* [What to produce]
Your response should consist solely of the lines from the one containing "black recycled polyester" through the end of the data, copied exactly.

* [Material shown]
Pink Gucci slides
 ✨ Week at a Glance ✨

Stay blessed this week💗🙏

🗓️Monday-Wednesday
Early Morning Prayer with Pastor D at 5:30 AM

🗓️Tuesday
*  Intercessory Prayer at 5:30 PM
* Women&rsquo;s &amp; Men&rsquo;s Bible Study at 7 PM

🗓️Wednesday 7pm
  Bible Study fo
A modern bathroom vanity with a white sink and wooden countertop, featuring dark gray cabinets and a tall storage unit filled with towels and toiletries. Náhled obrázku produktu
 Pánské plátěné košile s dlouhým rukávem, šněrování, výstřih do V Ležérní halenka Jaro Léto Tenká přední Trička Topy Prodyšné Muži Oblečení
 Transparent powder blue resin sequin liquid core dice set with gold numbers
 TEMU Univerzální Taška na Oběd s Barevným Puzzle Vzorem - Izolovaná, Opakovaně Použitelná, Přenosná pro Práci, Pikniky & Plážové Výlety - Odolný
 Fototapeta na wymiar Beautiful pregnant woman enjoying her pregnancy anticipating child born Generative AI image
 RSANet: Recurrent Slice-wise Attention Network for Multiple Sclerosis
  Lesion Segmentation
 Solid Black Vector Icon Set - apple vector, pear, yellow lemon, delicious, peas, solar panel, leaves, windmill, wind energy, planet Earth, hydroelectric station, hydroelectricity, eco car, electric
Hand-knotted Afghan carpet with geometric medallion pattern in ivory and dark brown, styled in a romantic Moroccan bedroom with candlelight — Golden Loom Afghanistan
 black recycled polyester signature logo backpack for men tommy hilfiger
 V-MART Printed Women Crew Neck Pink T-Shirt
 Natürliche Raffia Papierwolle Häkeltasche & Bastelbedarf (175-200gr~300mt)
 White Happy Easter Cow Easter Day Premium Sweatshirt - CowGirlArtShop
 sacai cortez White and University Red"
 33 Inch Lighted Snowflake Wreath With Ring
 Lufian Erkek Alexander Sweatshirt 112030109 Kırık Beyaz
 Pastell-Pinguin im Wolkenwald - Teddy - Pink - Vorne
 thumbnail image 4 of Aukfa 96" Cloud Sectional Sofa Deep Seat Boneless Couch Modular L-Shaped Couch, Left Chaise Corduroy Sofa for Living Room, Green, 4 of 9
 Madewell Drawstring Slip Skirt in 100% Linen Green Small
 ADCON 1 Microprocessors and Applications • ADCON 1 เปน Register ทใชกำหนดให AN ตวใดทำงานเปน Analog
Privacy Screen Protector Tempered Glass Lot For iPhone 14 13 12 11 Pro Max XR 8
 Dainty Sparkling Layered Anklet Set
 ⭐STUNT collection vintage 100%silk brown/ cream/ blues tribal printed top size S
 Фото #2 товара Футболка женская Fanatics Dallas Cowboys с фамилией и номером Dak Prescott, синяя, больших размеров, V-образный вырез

* [Output of the exercise]
 black recycled polyester signature logo backpack for men tommy hilfiger
 V-MART Printed Women Crew Neck Pink T-Shirt
 Natürliche Raffia Papierwolle Häkeltasche & Bastelbedarf (175-200gr~300mt)
 White Happy Easter Cow Easter Day Premium Sweatshirt - CowGirlArtShop
 sacai cortez White and University Red"
 33 Inch Lighted Snowflake Wreath With Ring
 Lufian Erkek Alexander Sweatshirt 112030109 Kırık Beyaz
 Pastell-Pinguin im Wolkenwald - Teddy - Pink - Vorne
 thumbnail image 4 of Aukfa 96" Cloud Sectional Sofa Deep Seat Boneless Couch Modular L-Shaped Couch, Left Chaise Corduroy Sofa for Living Room, Green, 4 of 9
 Madewell Drawstring Slip Skirt in 100% Linen Green Small
 ADCON 1 Microprocessors and Applications • ADCON 1 เปน Register ทใชกำหนดให AN ตวใดทำงานเปน Analog
Privacy Screen Protector Tempered Glass Lot For iPhone 14 13 12 11 Pro Max XR 8
 Dainty Sparkling Layered Anklet Set
 ⭐STUNT collection vintage 100%silk brown/ cream/ blues tribal printed top size S
 Фото #2 товара Футболка женская Fanatics Dallas Cowboys с фамилией и номером Dak Prescott, синяя, больших размеров, V-образный вырез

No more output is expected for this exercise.